Introduction
The assessment of osteoporotic patients should include several points. The most important measurement designed for diagnosing osteoporosis is bone densitometry by means of dual-energy X-ray absorptiometry (DXA), regarded as the gold standard [1]. One should also remember to gather data on clinical fracture risk factors. The role of DXA and clinical assessment should be considered as the way to fracture risk assessment. A fracture is an essential event in the osteoporotic population, and it is one of the most important risk factors for the next fracture. Therefore, the crucial aim is fracture prediction and an attempt to avoid the first fracture. Some methods have been developed to predict future fracture(s) [2–5]. Independently of such possibilities, in daily practice with patients, medical professionals should remember about physical assessment.

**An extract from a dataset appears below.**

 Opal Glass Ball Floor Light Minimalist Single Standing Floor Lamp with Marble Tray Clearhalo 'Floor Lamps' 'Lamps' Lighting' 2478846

One of the most important points is height measurement. The risk established by medical examination, including, among others, body height measurement, gives a complete picture of the patient’s clinical condition. In several studies, height loss, defined as current height compared with the former maximal height, was studied and described as a sign of the risk for future fractures [6–24]. HL is not included in the available calculators as a fracture risk factor, and thus this important clinical information is omitted in widely used fracture risk assessment tools.

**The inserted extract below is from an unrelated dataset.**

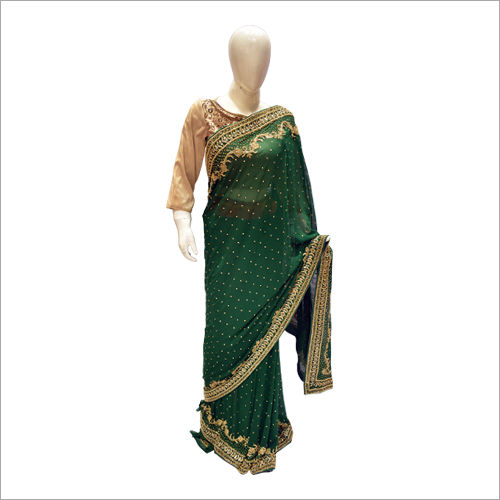 Green Ladies Party Wear Saree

The aim of the current prospective study was to verify the hypothesis that height loss may predict fracture incidence.
Material and methods
The current analysis is based on the epidemiological female sample from the RAC-OST-POL study. The baseline observation was performed in 2010, and epidemiological data were presented earlier [25]. At baseline, data were collected in 978 postmenopausal women at a mean age of 66.48 ± 7.6 years. The recruited group included more than 625 subjects randomly invited for participation in the study [25] because other women who came additionally did not differ in regard to their main features (age, place of residence, educational level, and marital status), and thus they were also included in the baseline study group for longitudinal observation. Body height was measured at baseline using a wall stadiometer (Seca, Germany), mounted according to the manufacturer’s recommendations.

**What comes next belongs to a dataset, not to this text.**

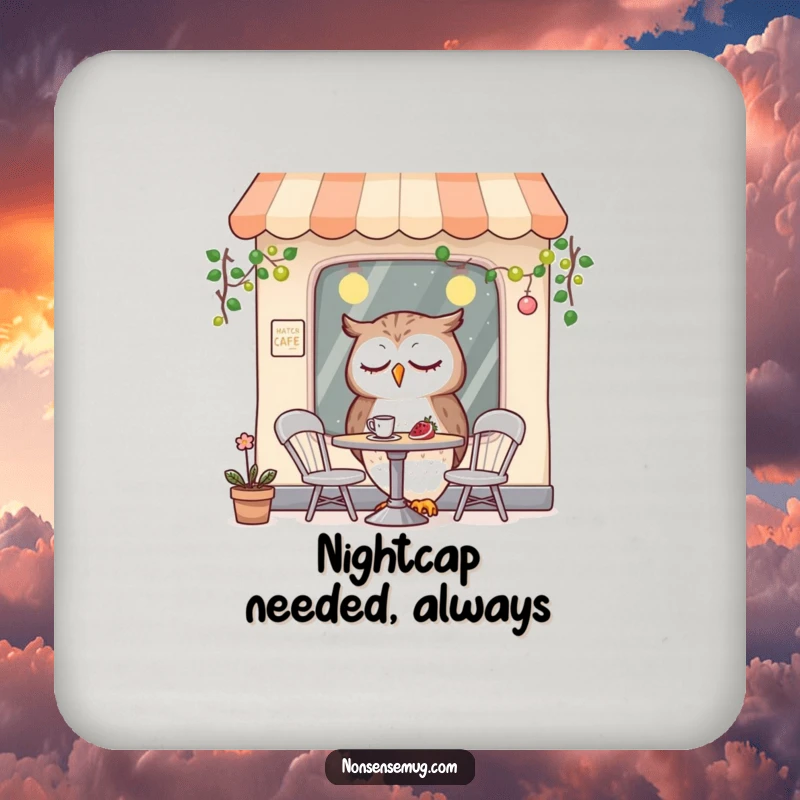 Funny drink coasters featuring a sleepy owl character dining in a miniature cafe, protecting surfaces with cute humor.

The measured body height was compared with the maximum body height in early adulthood, as reported by the patient. All the body height measurements were performed by one DXA technician.
Bone densitometry at the proximal femur was performed using a Lunar DPX (GE Healthcare, Madison, WI, USA). CV% for the femoral neck was 1.6%, and for total hip 0.82%.
Afterwards, all subjects were asked annually, using phone interviews, to report new fractures that had occurred. Finally, in a 10-year follow-up, 640 patients at the mean age of 75.04 ± 6.95 years remained under observation. Only low-trauma fractures were recorded. All interviews were performed by one experienced investigator (WP).
The study was approved by the Ethics committee of the Medical University of Silesia (KNW/0022/KB1/132/10). At baseline, in 2010, all participants gave their written informed consent.
Statistics
Statistical analysis was performed using Statistica software (StatSoft, Tulsa, OK, United States) and PQStat v. 1.8.2.226 (PQStat Software, https://pqstat.pl/). Mean values and standard deviations were used for descriptive statistics of continuous variables. The normality of data distribution was verified by the Shapiro-Wilk test. Student’s t-test or the Mann-Whitney U test for data with and without a normal distribution, respectively, were applied for comparative analyses. The significance of the results in all the statistical analyses was assumed at p < 0.05.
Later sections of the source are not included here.